The open/closed principle states that software entities should be open for extension but close for modificiation. The closed part of the principle refers to the fact that once a class is pushed to development, and has been tested, it should only be modified to deal with bugs. However, the open part refers to the fact that a class can be open for extension to introduce new functionality. This should only be done by adding new code to the existing code base. This reduces risk of new bugs being introduced by limiting changes made to existing code.

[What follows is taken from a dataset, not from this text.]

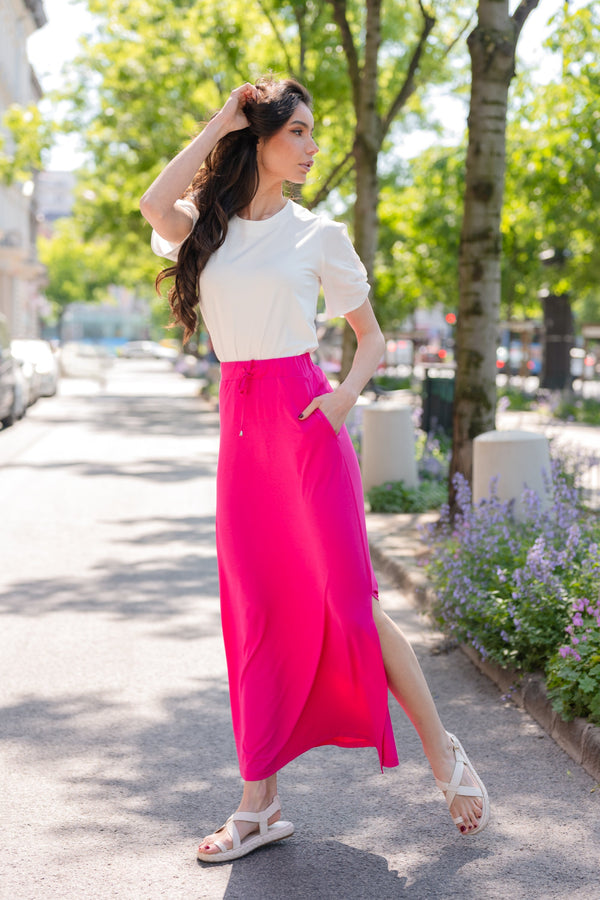 MAGENTA SUKŇA-0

Liskov substitution principle

Liskov substitution principle states that subtypes must be substitutable for their base types. This principle goes to the heart of any class inheritance chain. If you write a class that uses a parameter or variable of some base class, then you should be able to pass an instance of some descendant class into the base class and the behaviour should remain exactly the same. This can be illustrated with a simple example. Let’s say we have a base class of a bird, that has a method that allows it to fly. Then we create a descendant duck class. The duck class has a method fly that overrides that method pertaining to how birds fly. Then an ostrich sub-class is created. Although an ostrich instance is substitutable for a bird instance - its introduction causes breaking change to every instance where a bird is asked to fly. It breaks the Liskov substitution principle because it introduces new behaviour into existing code by writing a descendant of the base class. To solve this, one might suggest the rewriting of the base class, our bird class. However, if you were to do this you If you would be breaking the Open/Close principle.

Interface segregation principle

This principle states that classes that implement interfaces, should not be forced to implement methods that they do not use. Often when you create a class with a large number of methods and properties, the class is used by other types that only require access to one or two such methods. The classes become more tightly coupled as the number of methods they incorporate grows. In accordance with the ISP, large should classes implement multiple smaller interfaces that group functions according to their usage.

Dependency inversion principle

This principle states that high-level modules should not depend upon low-level modules, both should depend upon abstractions. Unlike what many people would assume, this principle inverts the idea that higher-level components should be dependent upon lower-level modules. Instead, both of them should depend upon the same abstraction. Abstractions should not depend on details, but details should depend upon abstractions.

Hannah